Some twelve hours after this general mobilization, the Nobel Committee in Oslo announced it was awarding its Peace Prize to Barack Obama for his “extraordinary efforts to strengthen international diplomacy and cooperation between nations.” He was also selected because of his engagement in favor of a world free of nuclear weapons. The honoree in Washington reacted with “humility” to the unexpected honor.

Congratulations from America’s NATO partners in Afghanistan followed, with French President Nicolas Sarkozy saying he was certain the award would encourage the world to work together with Obama and America in order to achieve common goals. He closed his remarks with a solemn observation that the award is a symbol of “the return of America to the hearts of the peoples of the world.”

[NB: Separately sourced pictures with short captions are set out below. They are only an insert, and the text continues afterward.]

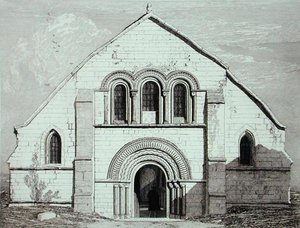 पोंट डी लॉरे के पास चर्च ऑफ लेरी, 1820 में प्रकाशित हुआ द्वारा जॉन बेच Cotman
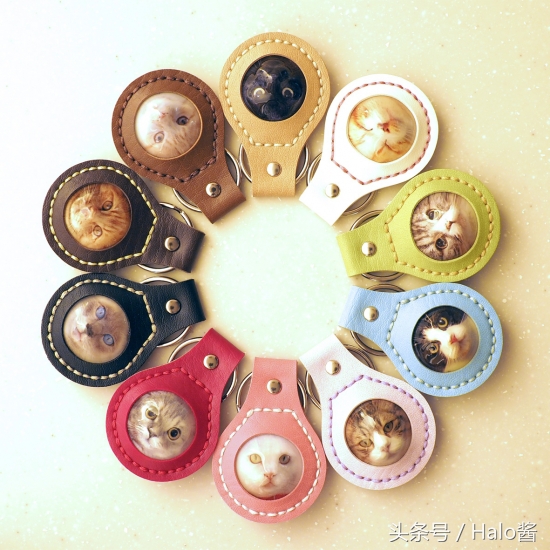 可爱猫咪钥匙扣宠物挂件,小宠物猫咪钥匙扣diy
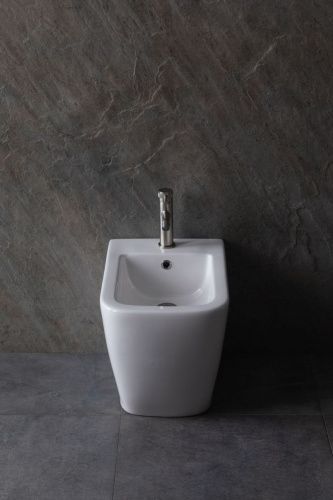 Биде напольное Allen Brau Infinity 4.21005.20 цвет белый - фото 4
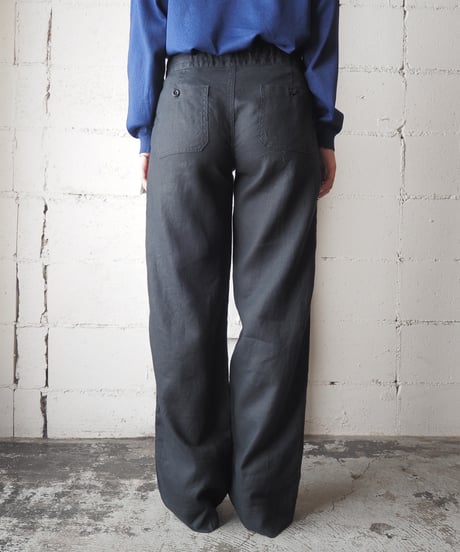 LAUREN Ralph Lauren Linen Wide Pants BK
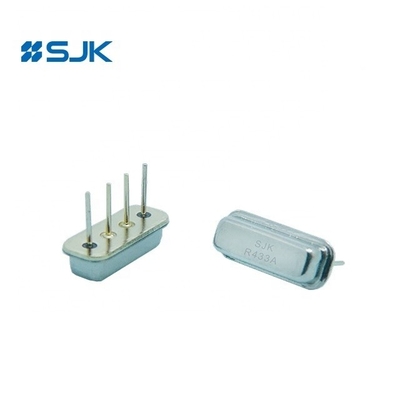 10V Armazenamento 4 pin DIP Saw Resonator Baixo consumo e perda de inserção de 2,1 dB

Chancellor Angela Merkel declared that Obama’s “support for a nuclear weapons-free world was a goal we should all be striving to achieve.” The CDU politician thereby endorsed something she herself has yet to work toward. Guido Westerwelle, the FDP chief who has hopes of becoming Germany’s next foreign minister, called the award “moral support for a policy based on cooperation rather than confrontation, disarmament rather than rearmament.”

The German Federal Council for Peace, on the other hand, criticized the award as “a colossal mistake.” In the first place, Obama’s speeches in Prague and Cairo, in which he expressed his willingness to enter nuclear disarmament negotiations, were still only “sweet-sounding promises” made while the United States was engaged in modernizing its nuclear weapons arsenal and developing new “bunker buster” bombs. In addition, Obama had just submitted the largest defense budget in U.S. history to Congress and proposed a troop surge in Afghanistan that will expand, rather than end, hostilities there.

The award decision made by Europeans was also puzzling to those in the Hindu Kush. A Taliban spokesman said Obama hadn’t yet “taken a single step toward peace in the region.” Instead, he had escalated the war by increasing the number of U.S. troops serving there. Obama, some said, “had Afghan blood on his hands,” and wonder, “why give the award to someone for sending more soldiers to Afghanistan to bomb and kill innocent people?”